Strengths: The proposed view on coded matrix multiplication is very novel and would be of interest to the NeurIPS community. The paper is also fairly well-written. Despite being notationally heavy, the authors have done a good job of repeating notational details at the right spots in the paper, making it easy to read. The authors also do a good job of motivating why incorporating the temporal dimension can provide more gains over one-shot coded matrix multiplication.

Weaknesses: The practical application suggested of training multiple NN simultaneously, seems somewhat limited.

Correctness: Yes, the results seem correct. Though, I have not verified the proofs in the supplementary material in detail.

Clarity: Yes

Relation to Prior Work: Yes

Reproducibility: Yes

Additional Feedback: - In lines 203,204, can you please clarify what 'u' is ? - In line 235, "We consider in this section, a probabilistic, i.i.d. straggler model, i.e., any worker in any given round will be a straggler with probability \delta", can you explain the relation between this model and the (N,W) straggler model. It seems that they co-exist ? - In line 259, "Through numerical evaluation in Fig. 1, it can be observed that DIP scheme outperforms polynomial and IDIP schemes". Please explain why. It was my impression that IDIP should outperform DIP under the (N,W) straggler model. #### After author response #### Thank you for responding to my comments. My score remains unchanged, though I also do agree with the other reviews regarding limited experimental evaluation. Please mention at least a discussion around other applications of this problem in the revision.

Review 3

Summary and Contributions: This paper studies a generalized version of coded matrix multiplications in multiple rounds. The main observation is that when extending the computation to multiple rounds, the worst-case straggler tolerance improves due to the ability to launch delayed recomputation of failed subtasks (thus the stragglers become more evenly distributed across time). The authors show in both theory and experiments that the coded computing schemes based on this idea can achieve better cumulative processing time compared to the static scheme [3]
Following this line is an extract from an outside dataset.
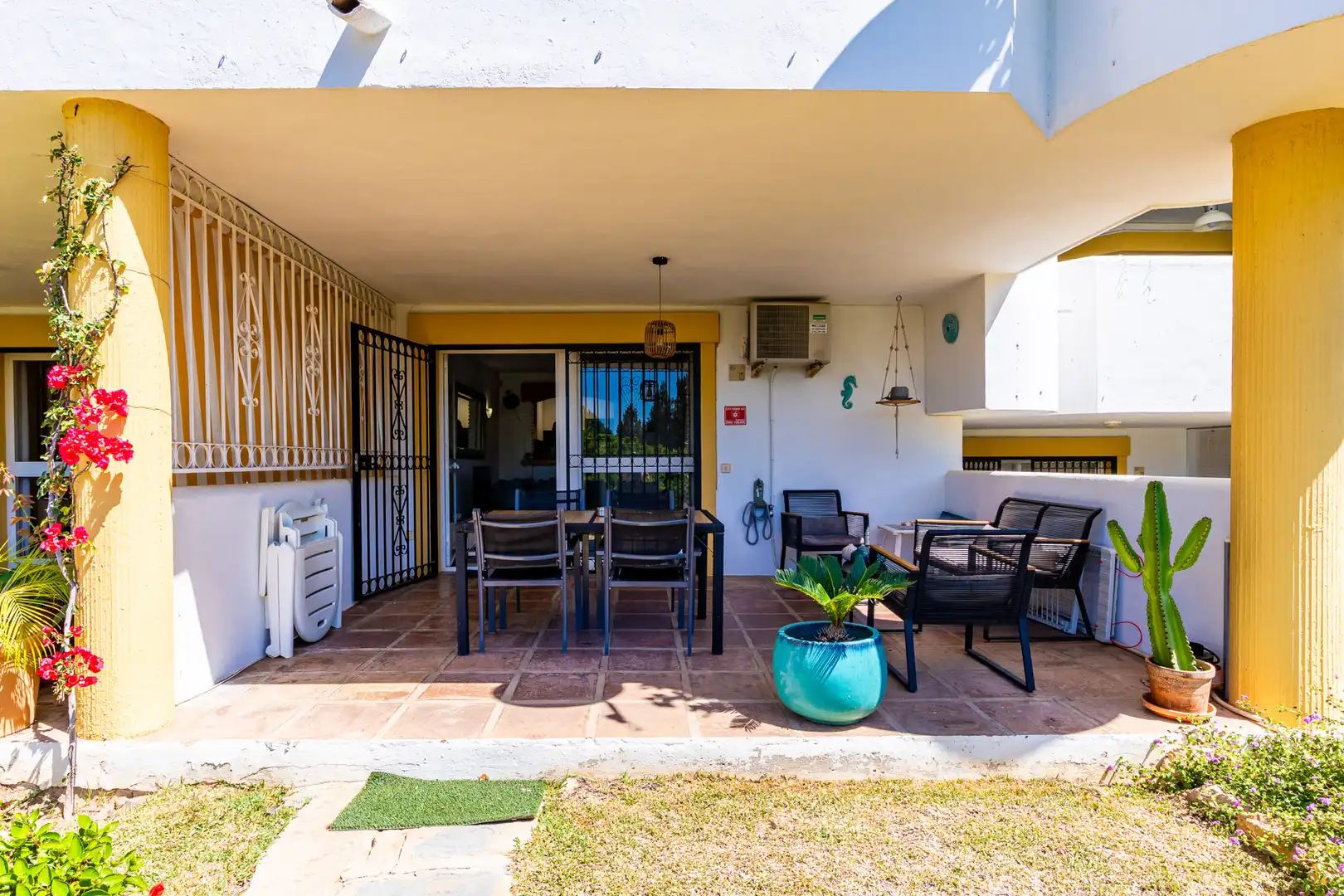 Terrassa de Planta baixa en venda en Mijas amb Aire condicionat, Terrassa i Piscina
Strengths: * The problem formulation does genenerlize the conventional setting in coding for straggler mitigation * The authors provide optimality proofs of the proposed schemes under a well-defined problem formulation * The authors show some improvement over [3]

Weaknesses: * The improvement seems limited * The experiment setting is semi-simulated because this not how people train neural networks (i.e., partition the computation into sequential matrix multiplications and distribute each partial job to several workers) * The studied problem seems to be a classical extension under the framework of delay-vs-throughput tradeoff, which limits the novelty

Correctness: The claims sound correct to me. The authors did provide a thorough analysis on the proposed schemes

Clarity: The paper writing is ok. Sometimes I have to go to the supplementary materials in order to understand the details.
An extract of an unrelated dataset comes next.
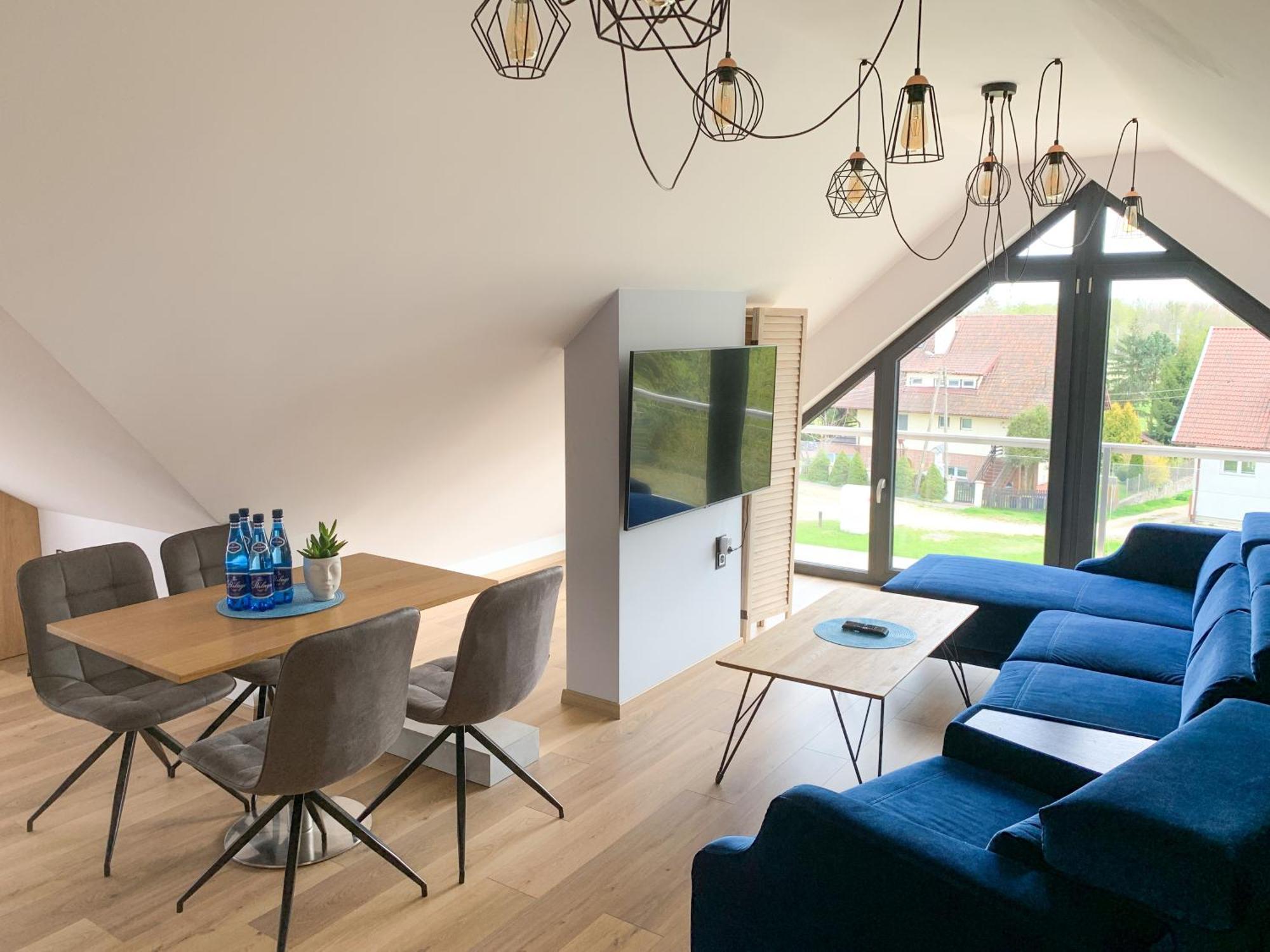 Cobalt Apartments Mikołajki Pokoj fotografie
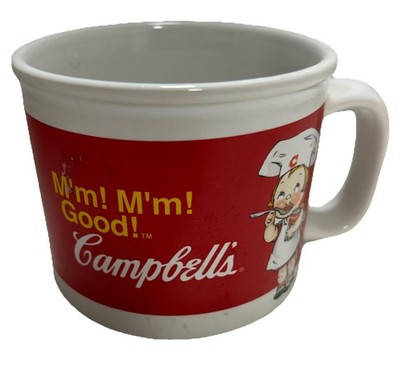 Vintage Campbells Soup Mug 2004 Mm M'm Good Coffee Tea Cocoa Gift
Relation to Prior Work: There is not much discussion on the connection to and difference from prior works

Reproducibility: Yes

Additional Feedback: (After rebuttal) I want to thank the authors for addressing my comments. I have read the authors' rebuttal and the other reviewers' comments and have carefully rethought the paper, including its connections to other related works. Since the authors have thoroughly addressed two of my three major concerns given the limited rebuttal space, I want to increase my overall score from 5 to 6. The reason that my final score is still a borderline score is mainly because of the unaddressed first comment and my third comment regarding novelty. Although I agree with the authors that the proposed scheme, especially the idea of actively selecting uncoded matrix-multiplication, has some novelty, the idea of amortizing tasks over time is a quite commonly explored theme in communication networks. But I agree that this idea has not been fully explored in coded computing. Regarding the experiments, I hope the authors can find and demonstrate applications that are motivated by practical implementation such as those proposed in the rebuttal. So maybe conducting well-developed experiments and improving the empirical evaluations can be the primary focus to improve the paper.